Quote word for word from the line holding "Photo №1. non-pedigree" to the last line below, including both, and omit any pictures.

# # # # # # #

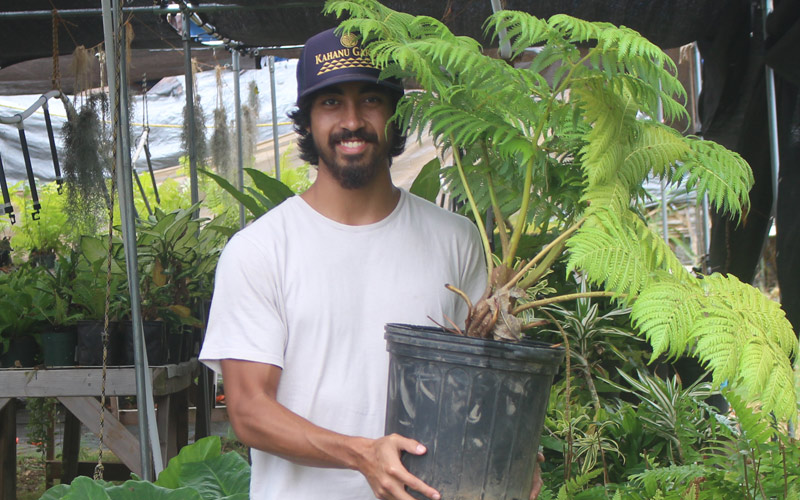 Native Hawaiian Farmers Encouraged to Apply for Renter and Homebuyer Programs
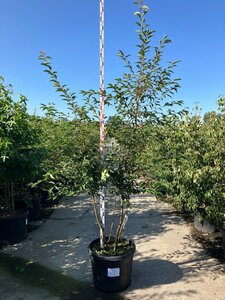 Prunus 'Okame' 250-300 cm cont. 90L meerstammig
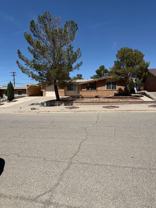 10449 Chinaberry Dr - Photo 1 of 1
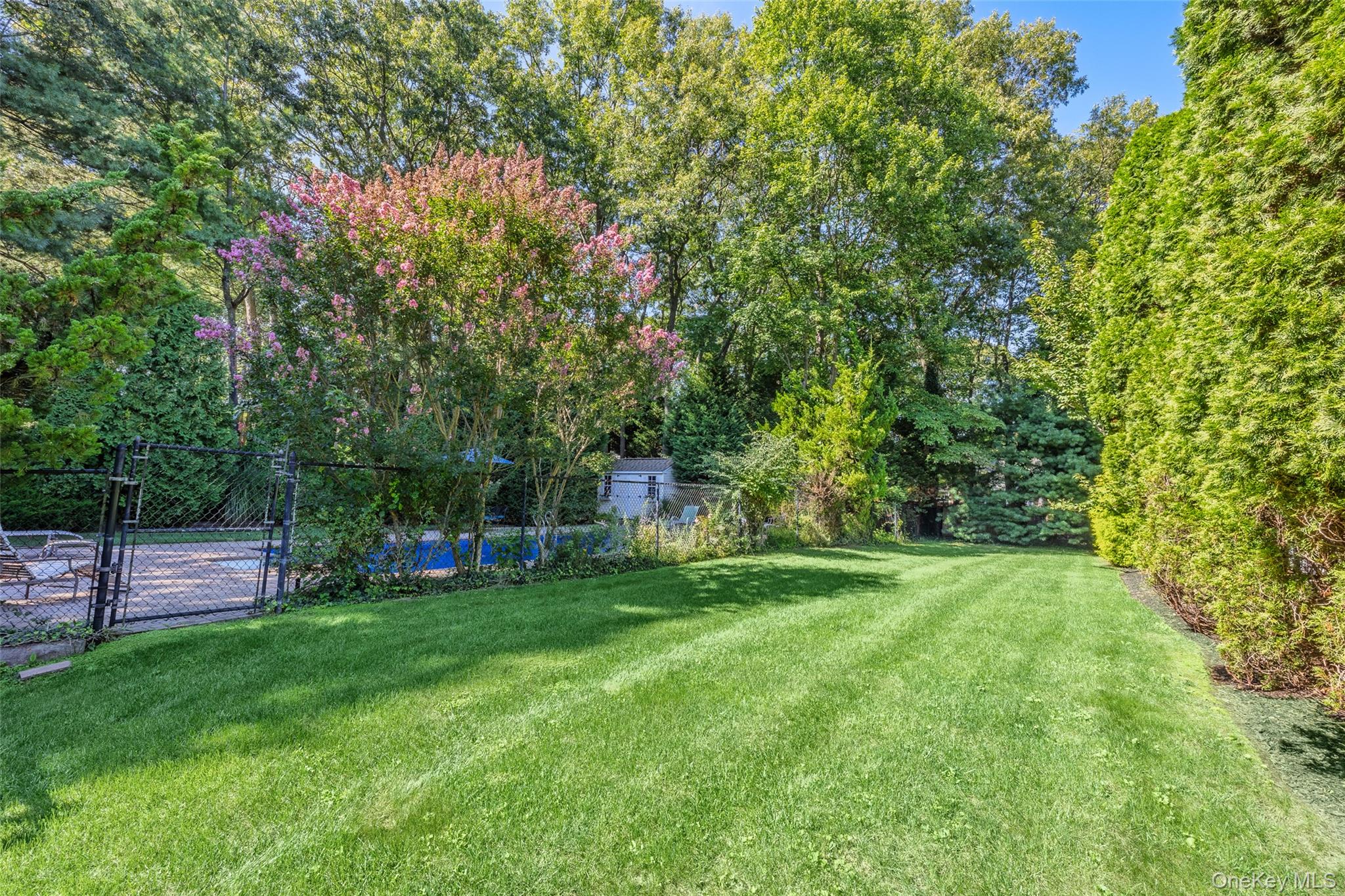 7 Holly Lane Property Photo 36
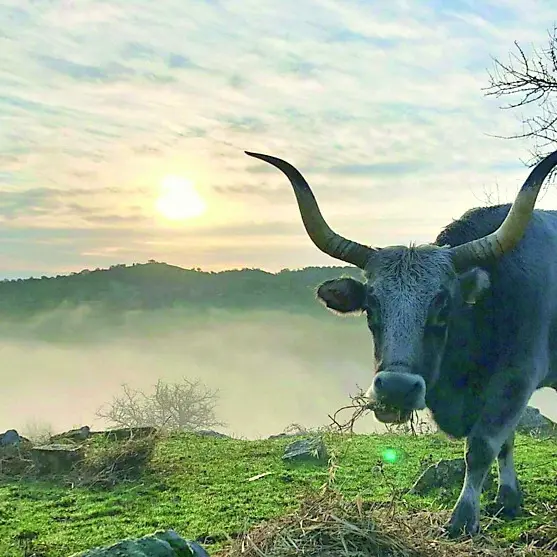Università Agraria di Tolfa, nuovo assetto tra polemiche e richieste di chiarezza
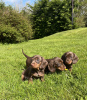 Photo №1. non-pedigree dogs - for sale in the city of Cologne | 264$ | Announcement № 100224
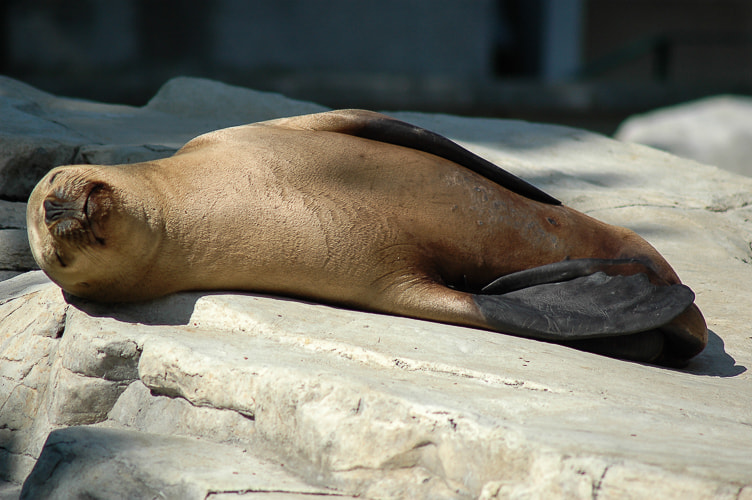 Nikon D70 sample photo. Lazy seal photography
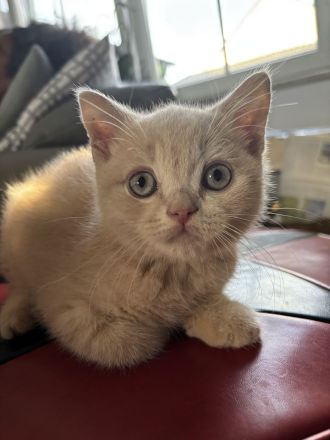 BKH Kitten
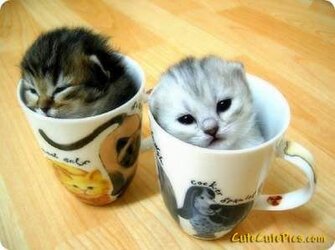 kitty kups.jpg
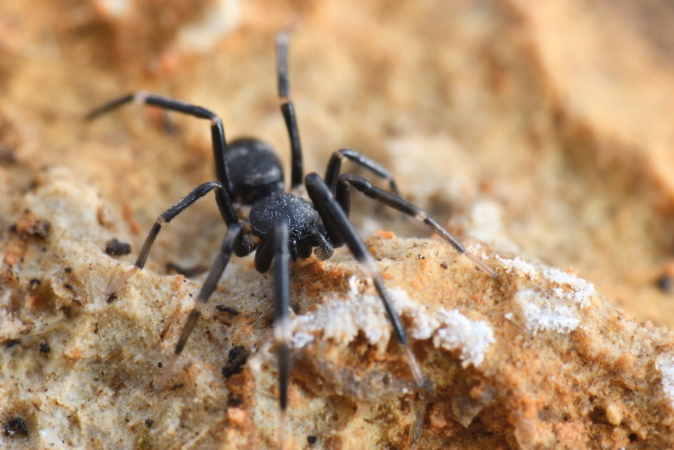 Liophrurillus flavitarsis  - Bernard Nogues
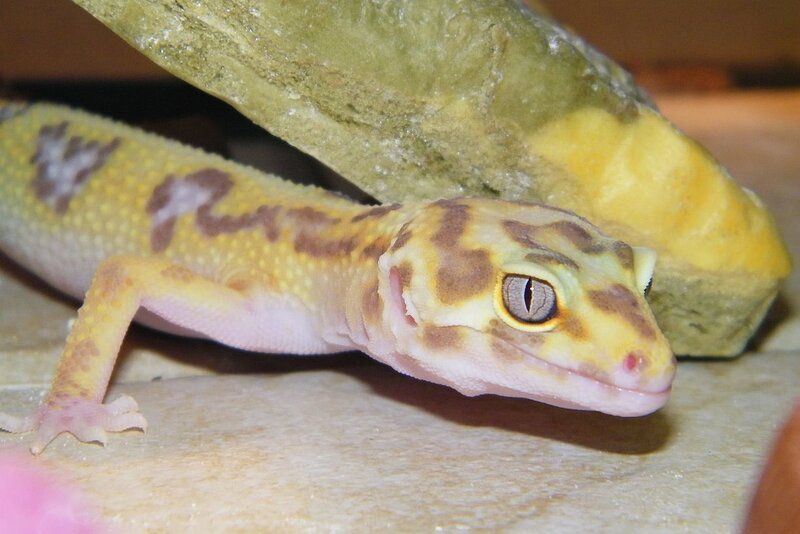 Leopard gecko under rock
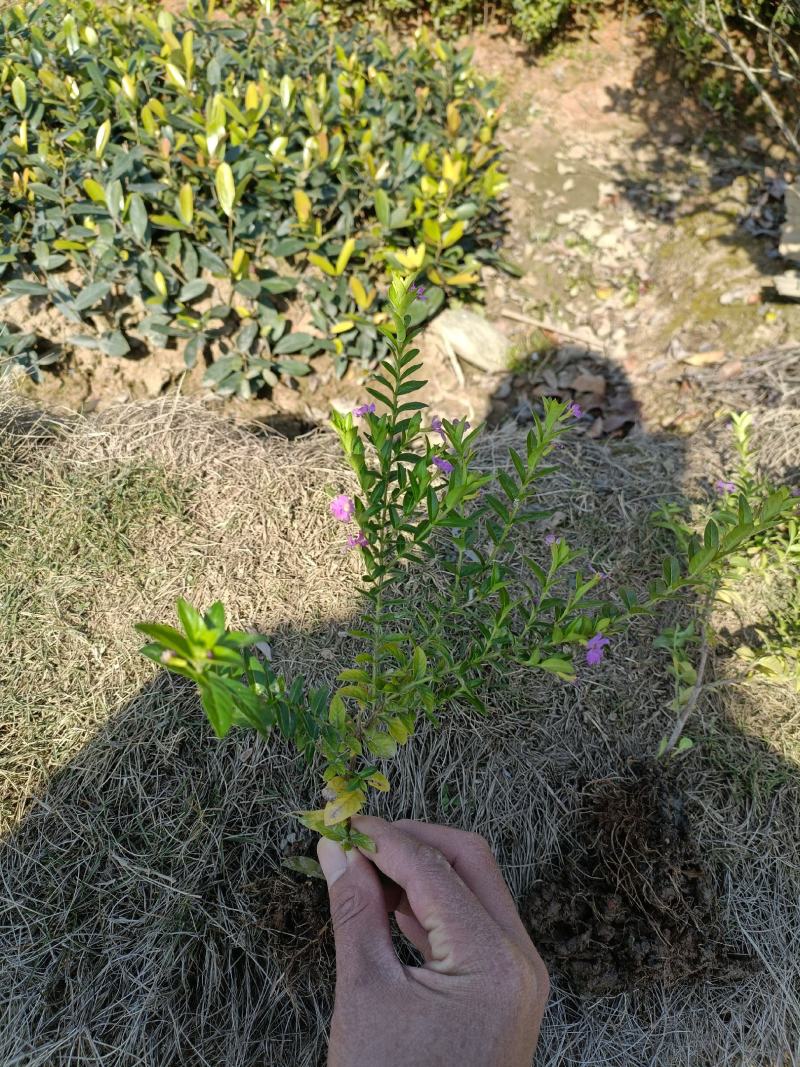 【推荐】满天星苗满天星地苗满天星杯苗农户直发批发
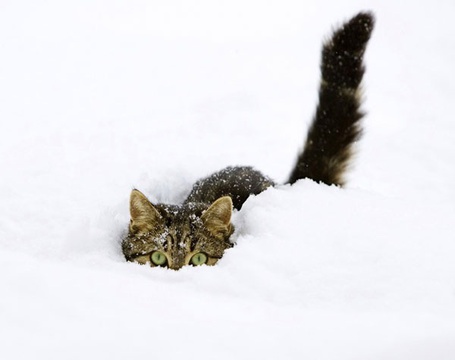 Фото Снежных Кошек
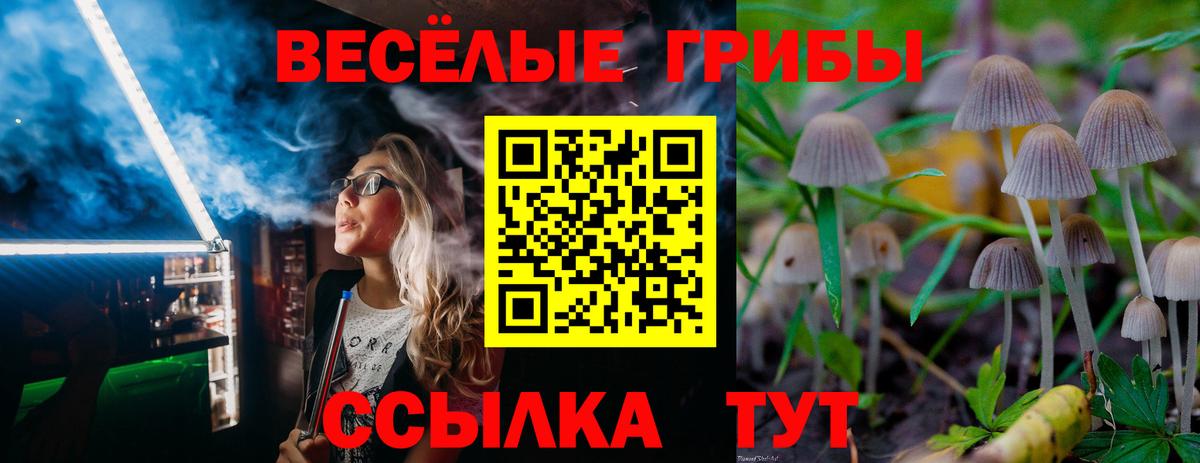 Галлюциногенные грибы мицелий Кстово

# # # # # # #

(RESULT OF THIS TASK):
 Photo №1. non-pedigree dogs - for sale in the city of Cologne | 264$ | Announcement № 100224
 Nikon D70 sample photo. Lazy seal photography
 BKH Kitten
 kitty kups.jpg
 Liophrurillus flavitarsis  - Bernard Nogues
 Leopard gecko under rock
 【推荐】满天星苗满天星地苗满天星杯苗农户直发批发
 Фото Снежных Кошек
 Галлюциногенные грибы мицелий Кстово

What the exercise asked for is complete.